Tuesday, April 7, 2009

Tuesday Decisions

I think I am going to take my vacation as is. I checked the weather for Monday and it is supposed to be rainy now while tomorrow will be chilly but dry. Either way, my gardening is not getting done so I think I would rather NOT bother my bossman with switching things around while he's at a conference in Denver. I will just deal with it. I figure I can atleast get my house clean for my birthday, maybe do a little baking. I was even contemplating going to get my father and getting him out of the house with his broken leg. However, that's an hour drive up and an hour drive back in the big monster Diesel sucking dually truck since he can't fit his big bulky cast and crutches in my little mustang convertible. I will think on this. I know he would really like to get away for awhile even if it is to come down and sit in my house while I clean. He would atleast get to chit chat with his brother and sister since they both live down my road. Oh joy what my birthday would be to attend a convention of the brutal older members of my family..sigh.

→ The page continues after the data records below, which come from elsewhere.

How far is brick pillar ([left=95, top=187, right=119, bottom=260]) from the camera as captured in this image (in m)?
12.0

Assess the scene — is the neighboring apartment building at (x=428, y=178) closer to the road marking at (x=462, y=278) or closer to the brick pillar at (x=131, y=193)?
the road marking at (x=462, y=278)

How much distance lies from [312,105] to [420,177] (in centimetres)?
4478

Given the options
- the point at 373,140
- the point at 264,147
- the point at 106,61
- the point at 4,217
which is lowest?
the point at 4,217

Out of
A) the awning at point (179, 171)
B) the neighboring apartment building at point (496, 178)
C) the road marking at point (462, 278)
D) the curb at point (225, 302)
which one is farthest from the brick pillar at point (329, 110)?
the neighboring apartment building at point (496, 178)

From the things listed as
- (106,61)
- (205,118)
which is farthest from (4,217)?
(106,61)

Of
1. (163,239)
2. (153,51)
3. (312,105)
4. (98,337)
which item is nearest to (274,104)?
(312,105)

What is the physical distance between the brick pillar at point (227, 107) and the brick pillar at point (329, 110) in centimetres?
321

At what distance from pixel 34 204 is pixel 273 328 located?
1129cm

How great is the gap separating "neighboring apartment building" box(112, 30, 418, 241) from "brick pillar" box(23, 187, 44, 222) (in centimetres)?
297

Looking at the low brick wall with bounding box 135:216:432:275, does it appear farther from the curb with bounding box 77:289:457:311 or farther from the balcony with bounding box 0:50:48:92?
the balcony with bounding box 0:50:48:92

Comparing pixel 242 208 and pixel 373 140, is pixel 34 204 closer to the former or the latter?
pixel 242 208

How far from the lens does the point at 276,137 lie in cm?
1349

I love my family but they are older and set in their ways. My father is the youngest of six children and I am the youngest of 17 grandchildren on that side. My Dad has NEPHEWS as old as he is. Many of the Great Grandchildren are my age or Older then me. It's very hard to relate to them as I am in such a different stage in life and a different age bracket. Some members want to lump me in with the GREAT grandchildren because of my age, when in actuallity I should be sharing with my 1st cousins when it comes to group pictures at the reunions etc. See the conflict? To make it more difficult, I'm the youngest one that still lives out near the "homeplace." There are five houses on the road. Of those there is my uncle and his wife, my aunt, my 1st cousin and his wife and my other first cousin and his girlfriend. The two cousins are brothers and are children of my uncle that lives on the road. Not one of them is under 45 or 50. They have been married before, have children, pay child support. My aunt and uncle both have great grandchildren themselves. I help mow my aunts yard and do this and that but thank goodness I live on the end and don't have to deal with them too awfully much because they really don't understand what it is like to be a newly wed and not have ALL the equipment and vacation days etc that they have. Anyway, I digress, I wasn't intending to write about this and really don't know where I was going with it anyway. I will decide in the morning what to do about my Dad. It's not like he needs much notice to get off the sofa.

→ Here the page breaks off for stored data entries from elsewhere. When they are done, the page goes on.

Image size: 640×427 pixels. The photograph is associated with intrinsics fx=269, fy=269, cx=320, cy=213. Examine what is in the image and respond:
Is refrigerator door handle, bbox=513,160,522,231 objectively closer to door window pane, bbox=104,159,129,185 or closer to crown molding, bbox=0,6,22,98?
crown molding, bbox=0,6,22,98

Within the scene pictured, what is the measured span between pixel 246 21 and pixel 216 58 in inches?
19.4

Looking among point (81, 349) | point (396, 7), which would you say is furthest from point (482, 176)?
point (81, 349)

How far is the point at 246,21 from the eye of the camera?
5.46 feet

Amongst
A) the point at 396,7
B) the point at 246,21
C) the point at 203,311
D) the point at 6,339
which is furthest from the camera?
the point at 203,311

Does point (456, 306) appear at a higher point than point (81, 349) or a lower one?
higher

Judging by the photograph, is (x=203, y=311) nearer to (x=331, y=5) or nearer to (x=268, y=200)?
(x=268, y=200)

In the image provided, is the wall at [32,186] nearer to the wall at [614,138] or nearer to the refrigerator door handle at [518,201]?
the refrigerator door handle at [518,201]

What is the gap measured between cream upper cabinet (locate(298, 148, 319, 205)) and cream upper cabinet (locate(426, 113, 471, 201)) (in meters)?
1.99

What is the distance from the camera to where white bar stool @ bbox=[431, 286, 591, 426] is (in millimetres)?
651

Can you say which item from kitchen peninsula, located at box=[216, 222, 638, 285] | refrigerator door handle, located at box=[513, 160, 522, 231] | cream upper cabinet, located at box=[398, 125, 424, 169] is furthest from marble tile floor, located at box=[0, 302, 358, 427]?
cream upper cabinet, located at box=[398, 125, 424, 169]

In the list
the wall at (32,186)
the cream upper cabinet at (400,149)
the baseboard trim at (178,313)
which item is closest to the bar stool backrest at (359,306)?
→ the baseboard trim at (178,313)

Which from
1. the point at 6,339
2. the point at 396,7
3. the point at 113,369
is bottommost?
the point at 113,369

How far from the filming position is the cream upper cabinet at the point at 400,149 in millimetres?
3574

On to more pressing matters. What is going on with my stomach? Ready for TMI? Night before last during sex, it hurt like hell, which ofcourse made it very ackward. Afterwards, the pain continued for sometime making it difficult to sleep. It was this extremely wierd metallic pain in the low left of my abdomen. Yesterday it ached on and off. Today it has been quite excruciating and not located to a small area but spread across my low abdomen. I feel like if I just took a poo or something but I have done that..and it made the pain worse and it still hasn't gone away. In addition to the pain, the bloat today is horrid. This pain is different from cramping or anything else I have felt before and is lasting longer then the typical sex pains I'm used to.

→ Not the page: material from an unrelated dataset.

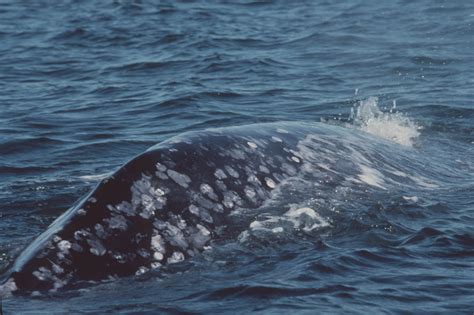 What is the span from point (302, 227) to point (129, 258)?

I have checked my TCOYF book and all the possibilities in there are not comforting. I have had repeated issues with pain during sex but this is bad. I guess next trip to the Dr. will be to have scans done for cysts on the ovaries. I'm wondering if maybe the Clomid tried to make me ovulate but it just put another cyst or something on my left ovary which was being aggrivated during sex. Whatever it is, this shit hurts. I am starting to worry that my PCOS is further along then they want to think even though my hormone levels were good at the last blood test.